The potential impact differs depending on industry, with a $2 trillion to $2.6 trillion impact expected on e-commerce by 2030, a $180 billion to $270 billion impact on academic virtual learning, a $144 billion to $206 billion impact on the advertising market, and a $108 billion to $125 billion impact on the gaming market.
Richard Grungo, co-founder of personal injury law firm Grungo Colarulo LLC, prides himself on launching the first personal injury firm in the metaverse. While the firm’s terrestrial location is in Cherry Hill, its metaverse firm is in Decentraland, a world within the metaverse—there are several.
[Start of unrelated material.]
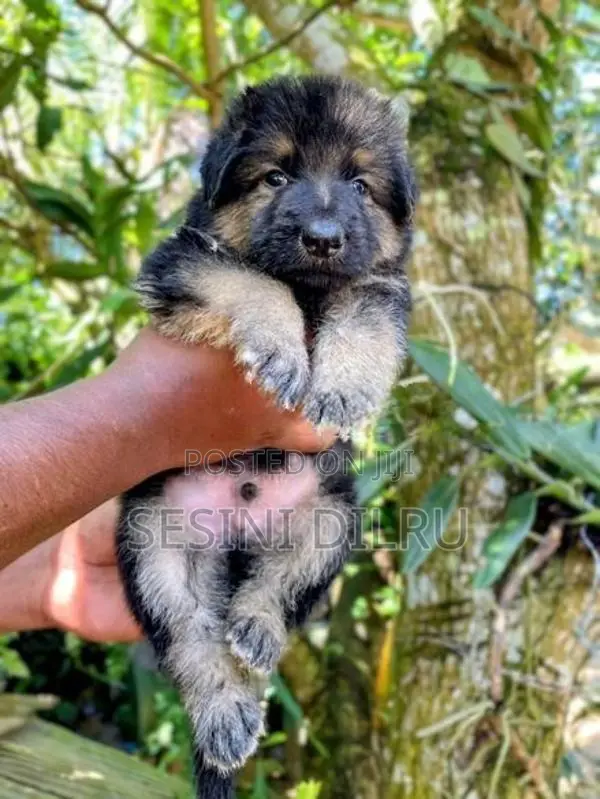 German Shepherd Long Coat Puppies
As the father of three Gen Zers aged 12, 17 and 20, Grungo noticed that members of that generation “don’t think twice about there being a line between the digital world and physical world.” And Gen Zers are the future.
“If you have a strategic plan not factoring or considering the metaverse, you have a blind spot. The reality is—crypto[currency] is spiraling and I know people are freaked out—this is so much more. It’s about the technology. It’s not just about cryptocurrency. That’s one small thing in the bigger umbrella in distributed leger technology, aka blockchain.”
Corporations, venture capital firms, and private equity firms have already invested more than $120 billion in the metaverse in the first five months of 2022, more than double the $57 billion invested in all of 2021, McKinsey found. Large technology companies are the biggest investors, but small companies and companies with household names have also staked a claim, including Nike, Tommy Hilfiger, Balenciaga, and Forever 21.
Grungo explained that real estate in the metaverse is a non-fungible token (NFT), a piece of data recorded on the blockchain and can be sold or traded.
The public’s knowledge of NFTs is generally shallow. Many just think of them as digital artwork, perhaps the best known and most popular being Bored Ape Yacht Club. BAYC is a collection of 10,000 unique Bored Ape NFTs on the Ethereum cryptocurrency blockchain. As of June 22, one Bored Ape goes for 84 ETH, or $91,549.04.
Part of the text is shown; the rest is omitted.